On le sait… mais on l’oublie. Or de nos jours l’idéologie woke s’affirme entre autres au travers de la création d’un vocabulaire spécifique qui a envahi aussi bien les médias… que les prétoires. Et c’est pour cela que Sami Biasoni, qui avait déjà publié en 2022 Malaise dans la langue française, a réuni quarante et un intellectuels reconnus – historiens, linguistes, juristes, sociologues, philosophes… – pour évoquer ces « manipulations militantes de la langue ». Dans ce dictionnaire, chaque contributeur a ainsi choisi un mot ou une formule pour en rappeler l’origine et en démontrer l’utilisation biaisée, proposant pour finir au lecteur non seulement une bibliographie qui lui permette d’aller plus loin, mais aussi un substitut ou synonyme dont il lui recommande l’usage pour éviter de se faire piéger.
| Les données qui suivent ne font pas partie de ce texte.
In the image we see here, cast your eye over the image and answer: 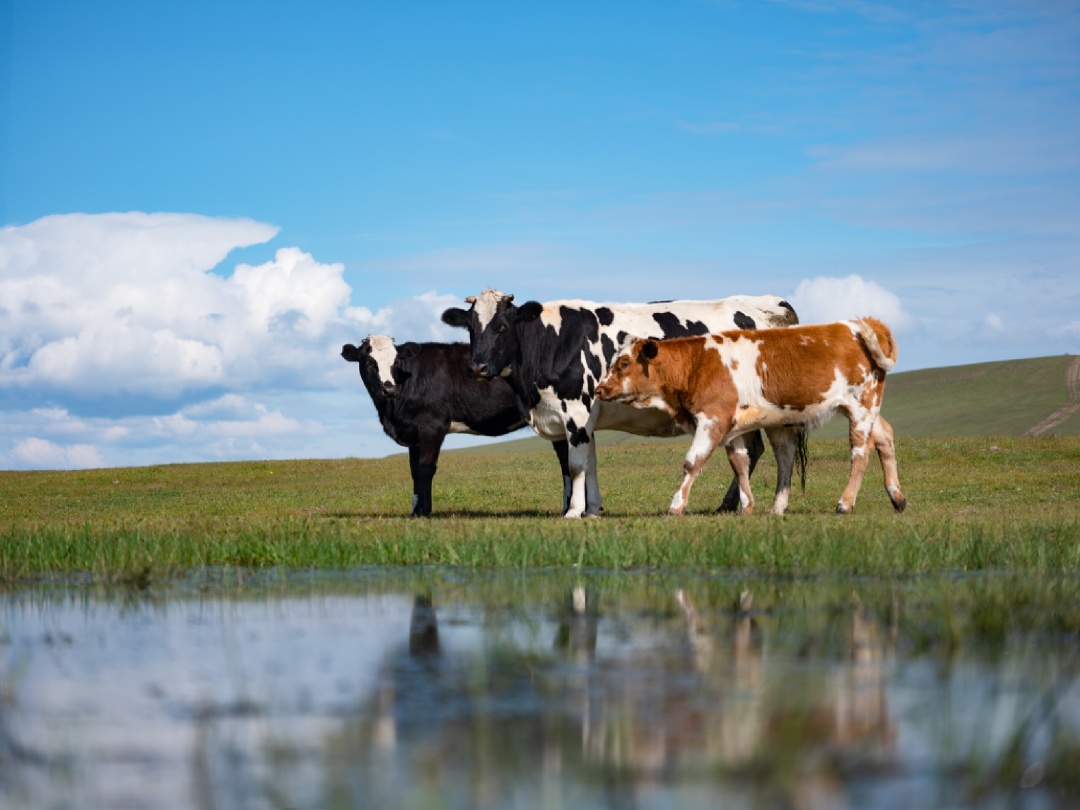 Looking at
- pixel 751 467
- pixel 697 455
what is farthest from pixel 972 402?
pixel 697 455

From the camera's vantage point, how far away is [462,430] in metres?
18.4

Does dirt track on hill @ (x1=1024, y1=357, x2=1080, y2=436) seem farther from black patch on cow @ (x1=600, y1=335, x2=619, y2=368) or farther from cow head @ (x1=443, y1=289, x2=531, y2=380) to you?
cow head @ (x1=443, y1=289, x2=531, y2=380)

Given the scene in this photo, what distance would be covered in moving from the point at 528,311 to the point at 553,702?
11.8m

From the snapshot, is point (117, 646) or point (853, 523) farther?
point (853, 523)

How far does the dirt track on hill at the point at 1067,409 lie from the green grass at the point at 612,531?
904 inches

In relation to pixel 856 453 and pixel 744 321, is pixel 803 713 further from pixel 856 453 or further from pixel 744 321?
pixel 744 321

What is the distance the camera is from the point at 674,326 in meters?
17.4

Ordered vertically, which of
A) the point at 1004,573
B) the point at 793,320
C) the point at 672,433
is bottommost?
the point at 1004,573

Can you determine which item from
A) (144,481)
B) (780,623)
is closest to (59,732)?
(780,623)

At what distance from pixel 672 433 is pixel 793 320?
3183 mm

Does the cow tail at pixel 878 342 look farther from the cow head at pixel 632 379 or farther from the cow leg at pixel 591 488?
the cow leg at pixel 591 488

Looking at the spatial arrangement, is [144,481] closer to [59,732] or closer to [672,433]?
[672,433]

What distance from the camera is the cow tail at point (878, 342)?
1575 cm

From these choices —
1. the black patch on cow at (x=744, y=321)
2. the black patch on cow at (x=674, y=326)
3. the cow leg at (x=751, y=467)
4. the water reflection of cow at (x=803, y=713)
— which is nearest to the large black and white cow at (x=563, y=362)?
the black patch on cow at (x=674, y=326) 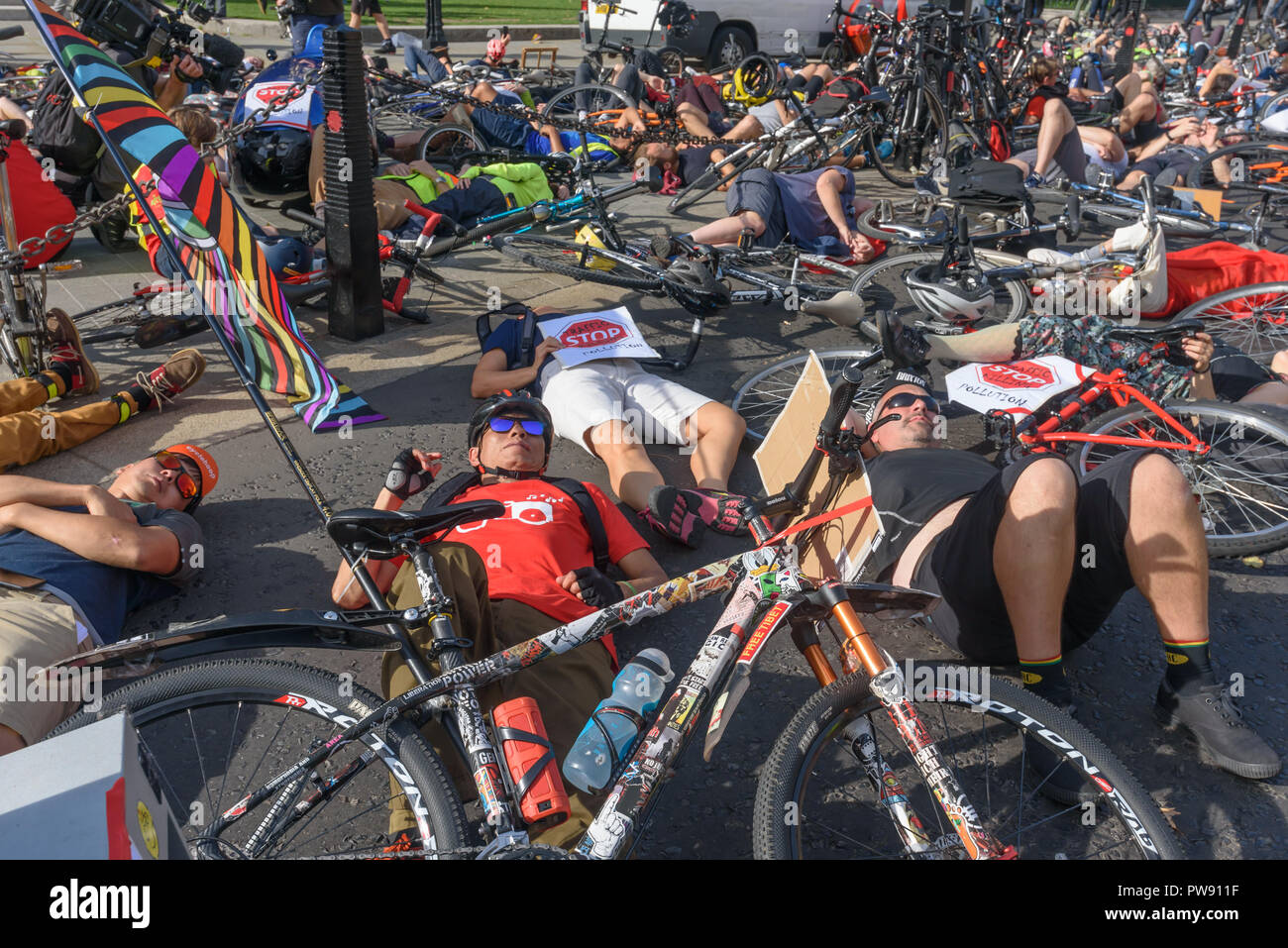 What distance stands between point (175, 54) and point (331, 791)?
5.74 m

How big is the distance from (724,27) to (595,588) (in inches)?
625

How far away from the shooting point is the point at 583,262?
242 inches

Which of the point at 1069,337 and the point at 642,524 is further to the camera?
the point at 1069,337

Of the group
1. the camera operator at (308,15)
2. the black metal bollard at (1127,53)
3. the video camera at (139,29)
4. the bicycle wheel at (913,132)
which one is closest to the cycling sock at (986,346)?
the video camera at (139,29)

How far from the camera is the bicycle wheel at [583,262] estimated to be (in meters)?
5.91

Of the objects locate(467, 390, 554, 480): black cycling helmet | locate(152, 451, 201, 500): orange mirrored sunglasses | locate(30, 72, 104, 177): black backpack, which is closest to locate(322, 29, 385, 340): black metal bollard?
locate(152, 451, 201, 500): orange mirrored sunglasses

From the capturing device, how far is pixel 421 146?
9438mm

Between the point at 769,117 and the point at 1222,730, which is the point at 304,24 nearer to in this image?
the point at 769,117

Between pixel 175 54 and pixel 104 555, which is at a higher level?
pixel 175 54

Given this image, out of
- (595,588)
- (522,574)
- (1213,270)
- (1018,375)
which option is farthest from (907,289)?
(522,574)

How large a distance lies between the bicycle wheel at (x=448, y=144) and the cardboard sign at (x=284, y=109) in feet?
6.52

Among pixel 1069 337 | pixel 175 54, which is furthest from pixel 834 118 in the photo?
pixel 175 54

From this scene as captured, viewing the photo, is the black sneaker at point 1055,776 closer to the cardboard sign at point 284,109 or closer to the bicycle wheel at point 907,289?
the bicycle wheel at point 907,289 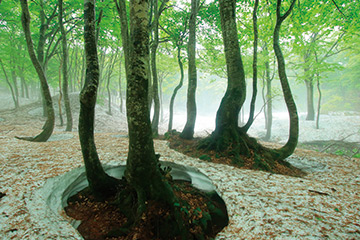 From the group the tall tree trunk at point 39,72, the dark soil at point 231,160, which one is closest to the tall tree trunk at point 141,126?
the dark soil at point 231,160

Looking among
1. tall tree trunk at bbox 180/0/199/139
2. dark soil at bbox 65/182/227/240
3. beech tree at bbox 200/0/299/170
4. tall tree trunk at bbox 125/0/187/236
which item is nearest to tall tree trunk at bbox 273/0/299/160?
beech tree at bbox 200/0/299/170

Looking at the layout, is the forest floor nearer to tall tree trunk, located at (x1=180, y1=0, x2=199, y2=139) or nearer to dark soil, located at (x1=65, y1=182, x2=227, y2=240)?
dark soil, located at (x1=65, y1=182, x2=227, y2=240)

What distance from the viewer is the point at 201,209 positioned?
2779mm

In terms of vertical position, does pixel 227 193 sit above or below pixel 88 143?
below

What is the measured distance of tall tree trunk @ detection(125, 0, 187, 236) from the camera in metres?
2.39

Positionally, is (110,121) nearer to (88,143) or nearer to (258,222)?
(88,143)

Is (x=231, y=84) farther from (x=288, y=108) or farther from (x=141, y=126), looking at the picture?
(x=141, y=126)

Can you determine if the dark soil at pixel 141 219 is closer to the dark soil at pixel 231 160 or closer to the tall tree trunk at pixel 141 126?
the tall tree trunk at pixel 141 126

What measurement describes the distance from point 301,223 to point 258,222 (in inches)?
23.1

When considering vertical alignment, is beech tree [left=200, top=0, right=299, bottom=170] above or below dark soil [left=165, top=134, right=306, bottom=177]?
above

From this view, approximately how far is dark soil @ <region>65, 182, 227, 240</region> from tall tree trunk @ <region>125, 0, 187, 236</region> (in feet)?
0.46

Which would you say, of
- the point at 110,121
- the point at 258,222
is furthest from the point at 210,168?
the point at 110,121

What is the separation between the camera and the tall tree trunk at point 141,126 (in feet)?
7.84

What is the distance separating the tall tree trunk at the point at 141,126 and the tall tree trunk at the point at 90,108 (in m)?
0.61
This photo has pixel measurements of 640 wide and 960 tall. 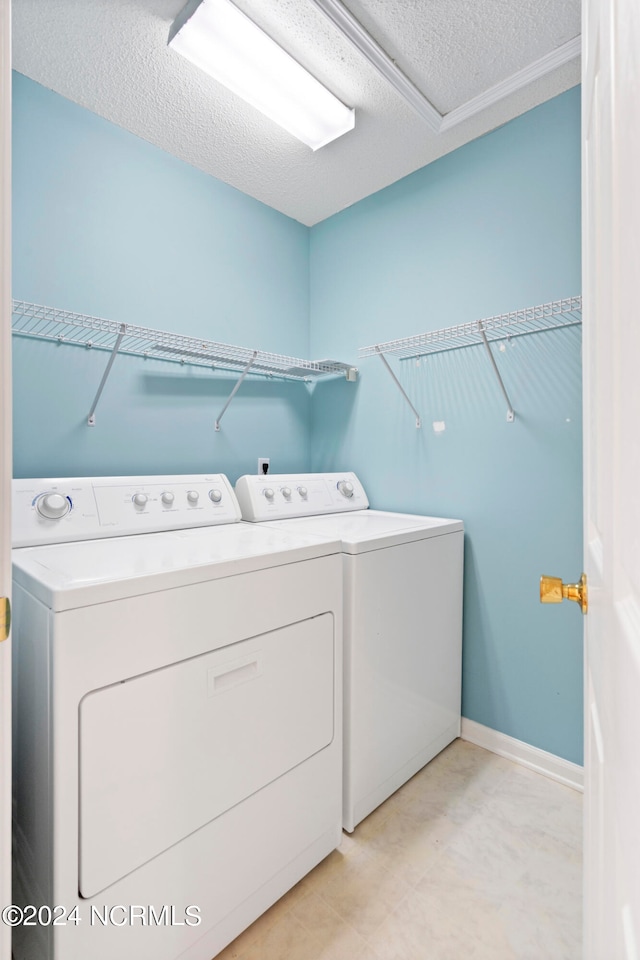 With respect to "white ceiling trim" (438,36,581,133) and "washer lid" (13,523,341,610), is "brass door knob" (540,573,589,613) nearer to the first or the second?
"washer lid" (13,523,341,610)

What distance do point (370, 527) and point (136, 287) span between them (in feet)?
4.59

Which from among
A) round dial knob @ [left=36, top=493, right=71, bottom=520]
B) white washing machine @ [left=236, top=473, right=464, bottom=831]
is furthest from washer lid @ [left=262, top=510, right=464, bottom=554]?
round dial knob @ [left=36, top=493, right=71, bottom=520]

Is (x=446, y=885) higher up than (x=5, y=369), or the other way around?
(x=5, y=369)

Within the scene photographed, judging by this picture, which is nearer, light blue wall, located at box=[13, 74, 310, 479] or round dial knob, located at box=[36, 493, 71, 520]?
round dial knob, located at box=[36, 493, 71, 520]

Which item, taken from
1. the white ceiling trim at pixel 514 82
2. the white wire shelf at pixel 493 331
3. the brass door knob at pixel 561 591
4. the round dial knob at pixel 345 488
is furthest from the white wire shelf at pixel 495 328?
the brass door knob at pixel 561 591

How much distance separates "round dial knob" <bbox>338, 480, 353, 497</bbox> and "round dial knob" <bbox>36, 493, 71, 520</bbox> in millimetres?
1279

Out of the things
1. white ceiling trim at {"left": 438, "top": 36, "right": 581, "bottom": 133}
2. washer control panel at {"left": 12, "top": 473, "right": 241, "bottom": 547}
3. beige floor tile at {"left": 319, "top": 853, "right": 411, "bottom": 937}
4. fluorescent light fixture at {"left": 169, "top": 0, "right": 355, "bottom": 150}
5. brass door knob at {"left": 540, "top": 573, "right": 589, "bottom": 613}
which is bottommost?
beige floor tile at {"left": 319, "top": 853, "right": 411, "bottom": 937}

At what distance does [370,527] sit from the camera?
5.82 feet

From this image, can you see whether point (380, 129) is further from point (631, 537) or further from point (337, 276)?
point (631, 537)

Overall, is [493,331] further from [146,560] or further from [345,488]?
[146,560]

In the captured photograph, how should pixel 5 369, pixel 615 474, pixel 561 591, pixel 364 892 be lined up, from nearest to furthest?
pixel 615 474
pixel 5 369
pixel 561 591
pixel 364 892

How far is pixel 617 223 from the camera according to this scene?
0.43 m

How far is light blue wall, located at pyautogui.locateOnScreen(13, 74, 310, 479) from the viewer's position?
5.43ft

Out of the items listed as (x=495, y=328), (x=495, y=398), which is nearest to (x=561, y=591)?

L’ensemble est une réussite : beaucoup de justesse, beaucoup de culture, et cet humour si absent des textes de la pensée woke – lorsqu’elle tente de s’exprimer autrement qu’en accusant, en stigmatisant ou en insultant. Le lecteur un peu familier des recherches retrouve sans surprise un Pierre-André Taguieff disséquant Antiracisme – le substitut proposé sera « racialisme anti-raciste » ! –, ou un Frédéric Rouvillois démontrant l’imposture de la démocratie participative, « dont on peut se demander, écrit-il, ce qu’elle a de participatif et de démocratique ». L’actualité de notre société est présente quand Chantal Delsol s’interroge sur l’intégration, Vincent Coussedière sur le vivre ensemble ou Anne-Marie Le Pourhiet sur une parité au sujet de laquelle cette juriste reste dubitative – lui préférant comme substitut « quota par sexe » ou « passe-droit sexuel » ! Faut-il céder face au matrimoine (Jean Szlamovicz) et au continuum des violences (Ingrid Riocreux) ? Que se cache-t-il derrière la restitution d’œuvres d’art (Emmanuel Pierrat) ou l’urgence climatique (Ferghane Azihari) ? Comment des termes comme roman national (Dimitri Casali) ou culture (Charles Coutel) sont-ils totalement déformés par rapport à leur sens d’origine ? De la racisation (Pierre Vermeren) au racisme systémique (André Versailles), quelle communautarisation de nos sociétés ? Et, entre masculinisation toxique (Noémie Haliona) et sexisme bienveillant (Samuel Futossi), pourra-t-on-on nier la nécessité de la non mixité (Olivier Vial) et du droit au safe space (Jean Ferrette) ?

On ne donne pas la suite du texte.